In the latest issue of Down to Earth magazine (issue 92, August 2015, ISSN 0969-3408) we have part 3 on the Irish chalk formation near Killarney in Co Kerry. In this final episode of the story Peter Walsh discusses hypotheses to explain the formation and suggests the geological community is still nowhere near forming an adequate explanation.

What we have is a very big hole, that tapers inwards as it goes downwards, and it is filled in with chalk. The bedrock surrounding the hole is shale from a much earlier period in Earth's geology, and fragments of the shale have been found in the hole – flint has even formed around some of these shale shards. The flint is not in a bedding plane but is chaotic in location. Hence it is clear both chalk (probably as a sludge) and flint (in a semi liquid format so that it was able to envelope shale shards) entered the hole – and so the big question is, what  caused the hole?
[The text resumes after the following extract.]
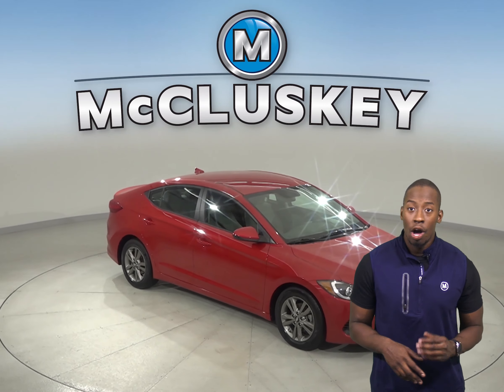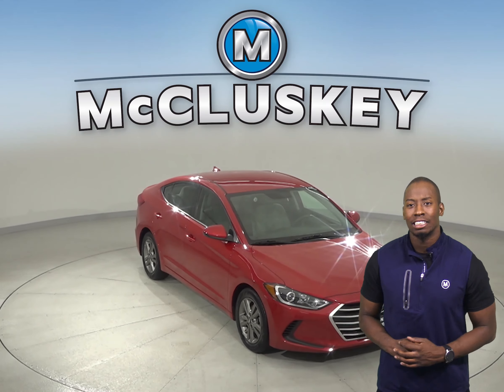If you're looking for a reliable four-door sedan that gets great gas mileage, then this 2017 Hyundai Elantra is the car for you. On the highway, it gets up to 37 miles per gallon. Underneath the hood, there is a four-cylinder engine with a six-speed automatic transmission.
One view is that the shale behaved a bit like limestone in a karst formation, water and waves creating caves and holes. However, the Killarney hole is enormous when compared with karst formations in other parts of the world – and is therefore considered unlikely. The idea that the hole was formed by erosion (by any means) also requires a 'chalk transgression' – whatever that might be. A transgression of water on land is a flood – perhaps caused by rising sea levels or transiently by a tsunami wave. A chalk transgression suggests a flooding event – but that idea disputes the origin of chalk, said to be formed in shallow seas (being the bottom sediments). The fact that chalk is mostly pure and does not contain a lot beside planktonic shell remains is neither here nor there for the moment. The chalk at Killarney demands that this part of Ireland was submerged in the Dinosaur Age. The idea of a chalk transgression is therefore difficult to perceive – unless it was not submerged.

The presence of the Killarney chalk formation appears to defy mainstream geological theory – and its uniformitarian parameters. A later theory (1994) held that the shale and chalk juxtaposition came about as a result of tectonic slippage (and the rest of the chalk formation has long since eroded away, and Ice Age glaciation is blamed. However, the lack of chalk on the other side of the proposed fault line (which may not have been a fault line and is just conjecture) has not made this theory very popular. Lack of evidence is its downfall – but in theory it is attractive (although one would have thought a lot more geology layers were missing between the shale and the chalk).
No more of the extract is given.